I have a provocative question to ask of experienced and beginner data scientists alike, whether you are fully fluent with the syntax you use to analyze data or not quite comfortable with the command line. Do you think a graphical tool for exploratory data analysis could make you more productive? Would you consider using such a tool? What would you envision such a tool be able to do for your workflow?
In the same way that an effective visualization can reveal and communicate more insight than a basic table of numbers, I think there can be an effective visual interface to guide data analysis without having to write code. I love writing code and I love analyzing data. But I’ve realized that trying to do both at the same time doesn’t always work well.
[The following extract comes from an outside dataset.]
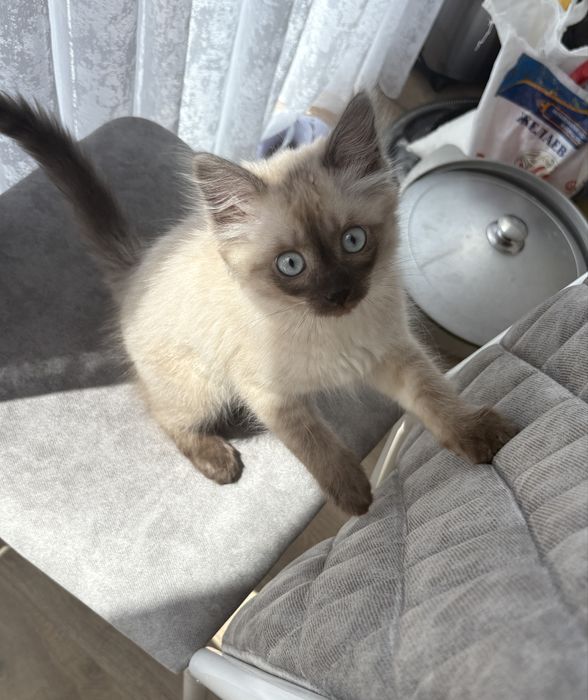 Котенок мальчик!!!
In 2019 I wrote over 13,000 lines of R with another 7,000 lines of RMarkdown. These pale in comparison to the astonishing (even to me) 62,000 lines of SQL that I wrote, but I’ll save the topic of optimizing my SQL workflow for another day. Several months ago after two intensive and tightly time-bound projects that involved a lot of exploratory analysis, I took a few hours to reflect on my workflow, in sort of a personal project postmortem. While the project goals were met and I was happy with the results, I was often very unhappy with the way I was working to get those results.
In the course of my postmortem I identified two common themes that underpinned my general frustrations. First, the context switch between analyzing data and programming data was interrupting my train of thought. Taking my eyes off the data, even for a quick moment to type a simple command, could very easily distract me just enough to lose sight of the idea I had in mind for how I wanted the data to look. Translating the mental model I had constructed in my head of what I wanted to see into the programmatic representation of how to generate it proved to be a substantial disruption. Even for someone who is very comfortable with the command line, and even with the tight and highly expressive syntax of tidyverse packages, rapidly moving between analysis and programming introduces a cost.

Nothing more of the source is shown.